• [Dataset content]
= Beginning of Section =

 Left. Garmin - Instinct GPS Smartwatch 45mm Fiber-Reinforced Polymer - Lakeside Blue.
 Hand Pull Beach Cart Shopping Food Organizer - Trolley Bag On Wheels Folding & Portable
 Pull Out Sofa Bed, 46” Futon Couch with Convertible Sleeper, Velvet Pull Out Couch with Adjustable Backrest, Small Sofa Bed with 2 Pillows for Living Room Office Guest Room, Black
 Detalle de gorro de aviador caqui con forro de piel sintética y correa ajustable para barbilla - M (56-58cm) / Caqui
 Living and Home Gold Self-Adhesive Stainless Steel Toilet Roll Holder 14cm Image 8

= End of Section =
= Beginning of Section =

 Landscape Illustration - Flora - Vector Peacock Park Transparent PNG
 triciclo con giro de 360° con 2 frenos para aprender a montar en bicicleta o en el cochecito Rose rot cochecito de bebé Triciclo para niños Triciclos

= End of Section =
= Beginning of Section =

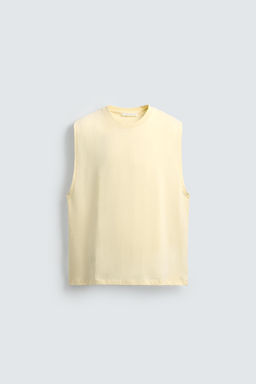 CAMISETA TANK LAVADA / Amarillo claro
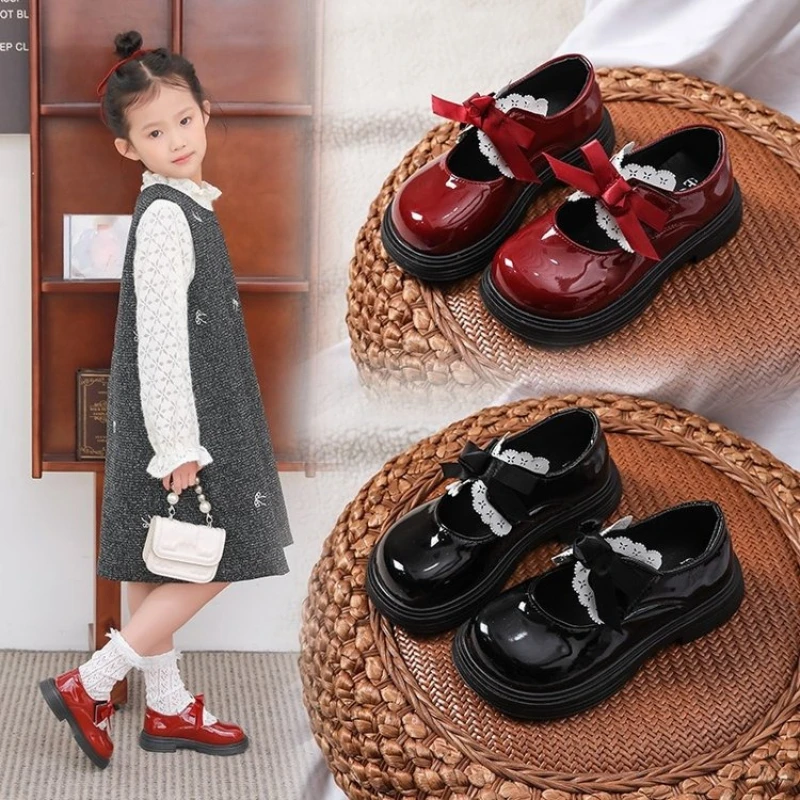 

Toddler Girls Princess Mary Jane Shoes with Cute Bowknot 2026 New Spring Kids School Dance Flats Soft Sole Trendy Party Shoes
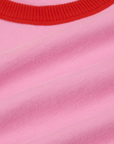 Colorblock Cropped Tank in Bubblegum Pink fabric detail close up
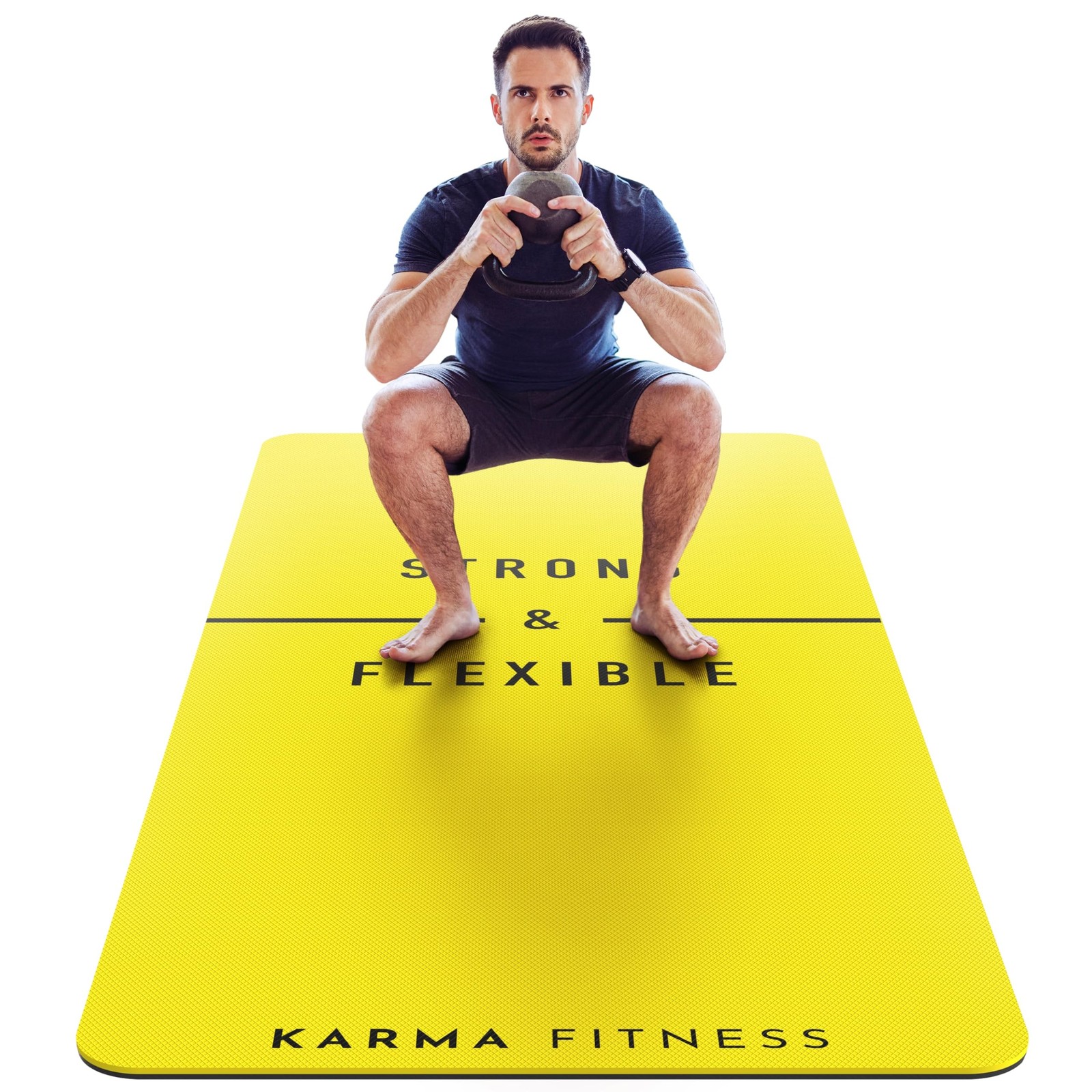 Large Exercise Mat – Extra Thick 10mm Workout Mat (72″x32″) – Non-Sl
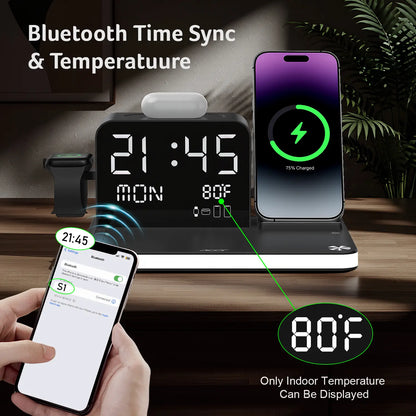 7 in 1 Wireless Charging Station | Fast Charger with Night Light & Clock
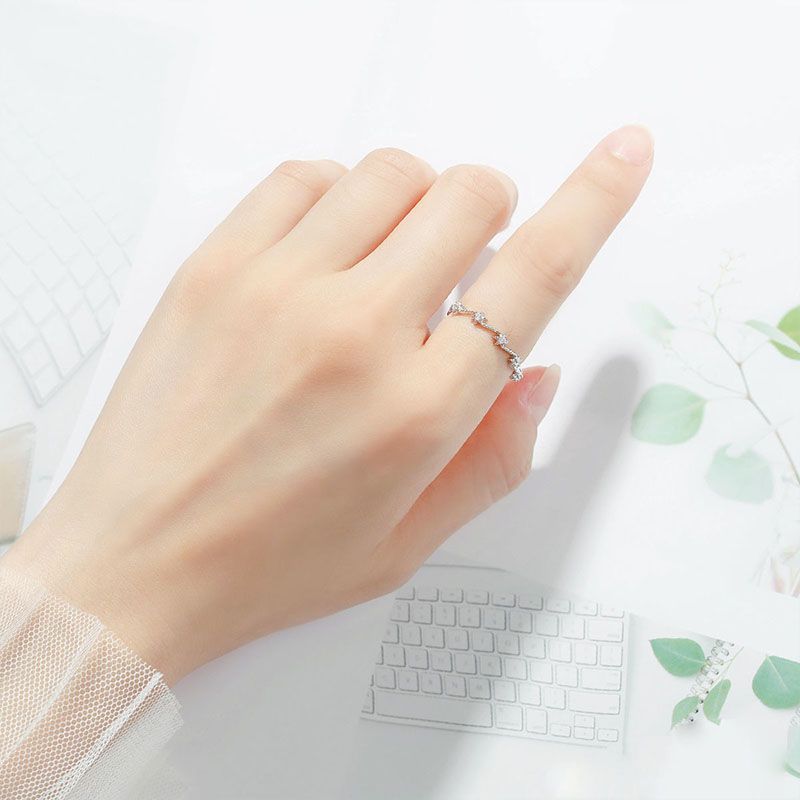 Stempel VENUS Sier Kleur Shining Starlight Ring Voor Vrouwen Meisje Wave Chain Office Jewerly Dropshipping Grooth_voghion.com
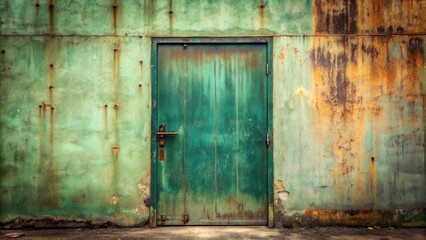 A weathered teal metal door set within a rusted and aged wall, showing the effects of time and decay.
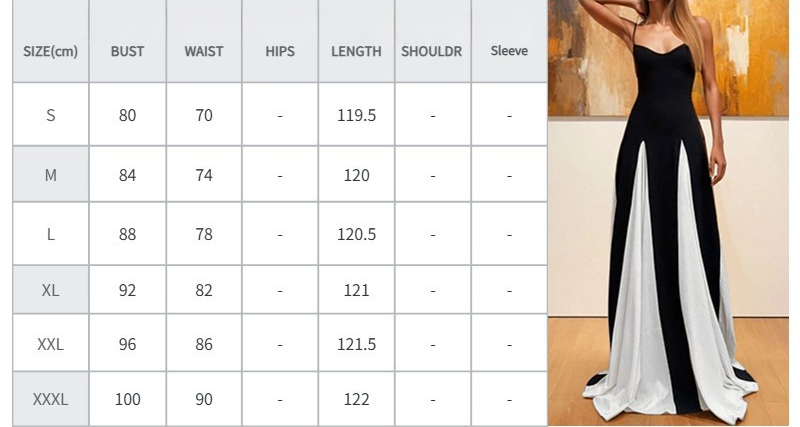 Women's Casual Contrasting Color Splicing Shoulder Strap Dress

= End of Section =

Of the lines above, extract only those from the line with "Hand Pull Beach" to the line with "Living and Home", both included, exactly as written.

• [Task solution]
 Hand Pull Beach Cart Shopping Food Organizer - Trolley Bag On Wheels Folding & Portable
 Pull Out Sofa Bed, 46” Futon Couch with Convertible Sleeper, Velvet Pull Out Couch with Adjustable Backrest, Small Sofa Bed with 2 Pillows for Living Room Office Guest Room, Black
 Detalle de gorro de aviador caqui con forro de piel sintética y correa ajustable para barbilla - M (56-58cm) / Caqui
 Living and Home Gold Self-Adhesive Stainless Steel Toilet Roll Holder 14cm Image 8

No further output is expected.